Growing interest in research on energy service companies (ESCOs) has led to an increase in publications over the past decade. Despite this growth, there is still no comprehensive mapping of global research in the field of ESCOs. The purpose of the article [10.1016/j.esr.2024.101516] is to analyze trends in ESCO research, assess the current state of the field, and identify existing gaps in research. This objective is achieved through a systematic literature review and qualitative analysis of recently published articles using bibliometric analysis, co-citation analysis, and keyword analysis to identify recent trends in global ESCO research.
The literature on life cycle assessment (LCA) of lithium-ion batteries (LIB) for transportation applications includes life cycle inventory data relevant to stationary energy storage systems (ESS). However, it does not address the unique characteristics of stationary systems, such as system material balance, operating profiles, and specific end-of-life (EOL) requirements. The literature review [10.1016/j.susmat.2019.e00120] examines existing studies on grid-scale stationary LIB ESS and identifies significant gaps in research related to comprehensive environmental impacts.

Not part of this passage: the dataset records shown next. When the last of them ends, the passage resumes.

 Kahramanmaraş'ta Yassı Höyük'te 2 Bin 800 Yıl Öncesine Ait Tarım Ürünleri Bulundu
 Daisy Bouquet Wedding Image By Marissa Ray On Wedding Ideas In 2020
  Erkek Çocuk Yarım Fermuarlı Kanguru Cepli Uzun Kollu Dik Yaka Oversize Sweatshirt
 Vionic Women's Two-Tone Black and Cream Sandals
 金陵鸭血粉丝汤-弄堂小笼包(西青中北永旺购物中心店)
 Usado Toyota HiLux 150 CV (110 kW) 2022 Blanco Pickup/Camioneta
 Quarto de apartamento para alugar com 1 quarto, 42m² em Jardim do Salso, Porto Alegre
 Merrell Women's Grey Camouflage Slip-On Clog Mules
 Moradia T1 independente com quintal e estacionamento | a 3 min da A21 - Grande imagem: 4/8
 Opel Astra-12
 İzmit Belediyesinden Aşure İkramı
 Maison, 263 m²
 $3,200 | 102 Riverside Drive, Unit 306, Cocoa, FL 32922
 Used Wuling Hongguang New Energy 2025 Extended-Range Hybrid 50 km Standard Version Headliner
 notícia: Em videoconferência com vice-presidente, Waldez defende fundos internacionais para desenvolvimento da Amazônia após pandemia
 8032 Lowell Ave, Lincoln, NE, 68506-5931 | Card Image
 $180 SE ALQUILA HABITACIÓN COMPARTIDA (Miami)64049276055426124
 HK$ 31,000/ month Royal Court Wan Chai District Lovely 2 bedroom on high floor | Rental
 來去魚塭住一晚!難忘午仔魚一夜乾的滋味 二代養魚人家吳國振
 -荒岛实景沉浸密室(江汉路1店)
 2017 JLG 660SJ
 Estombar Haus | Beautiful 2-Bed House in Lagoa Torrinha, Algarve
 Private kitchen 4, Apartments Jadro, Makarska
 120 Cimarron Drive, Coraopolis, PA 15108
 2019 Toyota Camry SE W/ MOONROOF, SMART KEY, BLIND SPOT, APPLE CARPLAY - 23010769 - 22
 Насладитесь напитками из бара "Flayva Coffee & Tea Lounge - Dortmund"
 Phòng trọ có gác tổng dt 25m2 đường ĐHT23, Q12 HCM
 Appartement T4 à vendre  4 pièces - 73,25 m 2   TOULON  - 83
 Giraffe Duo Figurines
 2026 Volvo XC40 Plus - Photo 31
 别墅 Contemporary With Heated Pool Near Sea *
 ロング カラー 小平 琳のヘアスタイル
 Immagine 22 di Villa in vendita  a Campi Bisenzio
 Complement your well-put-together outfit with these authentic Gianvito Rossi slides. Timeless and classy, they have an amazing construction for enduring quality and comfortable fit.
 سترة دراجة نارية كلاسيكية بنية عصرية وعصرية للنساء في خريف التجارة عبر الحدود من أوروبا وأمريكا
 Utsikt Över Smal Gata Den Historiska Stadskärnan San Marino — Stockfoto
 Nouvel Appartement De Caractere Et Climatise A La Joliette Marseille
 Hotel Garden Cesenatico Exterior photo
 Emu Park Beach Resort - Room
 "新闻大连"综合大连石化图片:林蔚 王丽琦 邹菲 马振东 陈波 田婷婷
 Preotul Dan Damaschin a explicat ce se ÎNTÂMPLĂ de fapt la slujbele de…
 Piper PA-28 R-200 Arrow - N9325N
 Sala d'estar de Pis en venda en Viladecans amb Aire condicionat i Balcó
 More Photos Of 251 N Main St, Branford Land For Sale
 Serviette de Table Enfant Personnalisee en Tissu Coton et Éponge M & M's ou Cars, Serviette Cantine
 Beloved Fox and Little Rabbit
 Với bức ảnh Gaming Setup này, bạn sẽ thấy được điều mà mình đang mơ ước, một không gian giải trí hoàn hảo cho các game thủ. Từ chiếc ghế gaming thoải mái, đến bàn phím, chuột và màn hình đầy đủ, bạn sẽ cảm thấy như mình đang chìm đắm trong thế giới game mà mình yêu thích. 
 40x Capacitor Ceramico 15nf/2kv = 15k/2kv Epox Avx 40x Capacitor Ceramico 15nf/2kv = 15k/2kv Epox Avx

The following review [10.1016/j.egyai.2025.100514] examines in detail how reinforcement learning algorithms offer advantages such as fast convergence and stability, particularly relevant to energy management optimization in hybrid electric vehicles. It highlights that deep reinforcement learning outperforms other methods in managing complex energy tasks due to its ability to navigate high-dimensional state spaces. However, challenges remain, such as computational complexity and generalization to different driving conditions.
Comment. To fill the gap in research on electric vehicles, future studies should examine findings from other fields where similar issues have been explored in greater depth, for example, in the development of large language models, and apply this knowledge to the specific field of electric vehicle research.